Coloring edges on a graph s.t. the set of edges for any two vertices have no more than 'k' colors in common Please imagine the case where one has a planar graph, $G$, with a set of $|V|$ vertices, $(v_1, ..., v_{|V|}) \in V$, and $|E|$ edges, $(e_1, ..., e_{|E|}) \in E$.  Now, provided a total of $N$ colors, where $N < |E|$ (the number of edges), we seek to assign these colors to the edges of the graph such that:
(1) - The set of edges connected to any vertex contains edges with all unique colors, i.e. no two edges share the same color when attached to the same vertex.  This condition should establish my question as a special case of the general case NP-Hard edge-coloring problem.  
(2) - The intersection, or overlap, between the colors of the edges of any two vertices is, at most, of size $k = 1$ or $k = 2$.  This condition must hold true regardless of whether the vertices are adjacent or not. (thanks domotorp!) 
What would be the most efficient algorithm for coloring the edges of $G$ provided these constraints?  Does the problem become considerably simpler if one tightens the bounds on the size of vertex edge sets?
My approach to the problem thus far has been to assign unique colors to all $|E|$ edges of a graph, i.e. to have $N = |E|$, and then proceed to reduce $N$ using a naive stochastic procedure.  It would be great to have an efficient deterministic or semi-deterministic algorithm.
I appreciate everyone's time!    
Clarifications:


*

*I am allowing the case of $k = 2$ as well as $k = 1$.

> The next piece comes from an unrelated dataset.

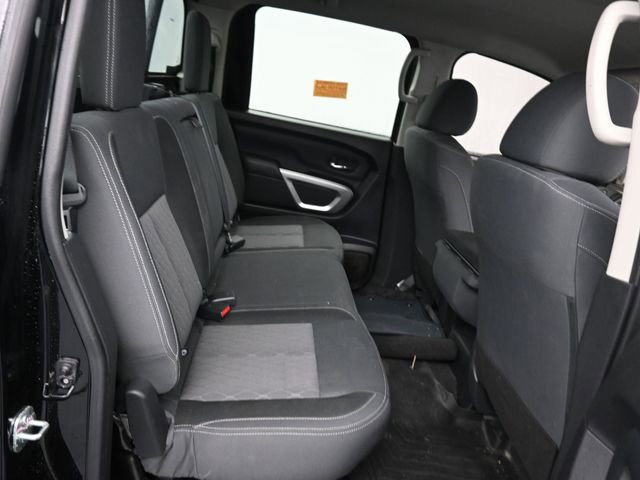 Used 2024 Nissan Titan SV image 6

*I changed criterion (2) from requiring that the intersection is of size 'k' to explicitly setting $k = 1$ (or $k = 2$), which is the case I am primarily interested in and hopefully better focuses this question.  
 A: If the input number $k$ is very large (say as large as the next-to-maximum degree) then condition (2) has no effect, and this becomes the same as $N$-edge-colouring of a graph, which is NP-complete. (Have you read about this problem? It's NP-complete even for 3-regular graphs and $N=3$.) So if I understand correctly it does not seem that there is any hope of exactly solving this problem with an efficient algorithm. There are lots of results about finding an edge-colouring with approximately the minimum number of colours, classical ones include Vizing's theorem. 
My brain can't parse the phrase "...bounds on the size of vertex edge sets..." but maybe in the last question you mean, is the problem easy if $k$ is small enough? In the case of 3-regular graphs with $N=3$, it makes it easier but for a trivial reason: no colouring meeting (1) and (2) is possible for any such graph if $k<3$, since any colouring meeting (1) would have to have all 3 colours appearing adjacent to every vertex.
A: I edited my answer after the clarification of the question.
Consider the union of two different color classes. This subgraph consists of disjoint edges and (possibly) a path of length 2. This gives the following bound if the paths can have length 2:
$\sum_i {deg(v_i) \choose 2}\le {N\choose 2}$
Of course this is just a necessary and not a sufficient condition, but it might be a good start for an NP-completeness proof.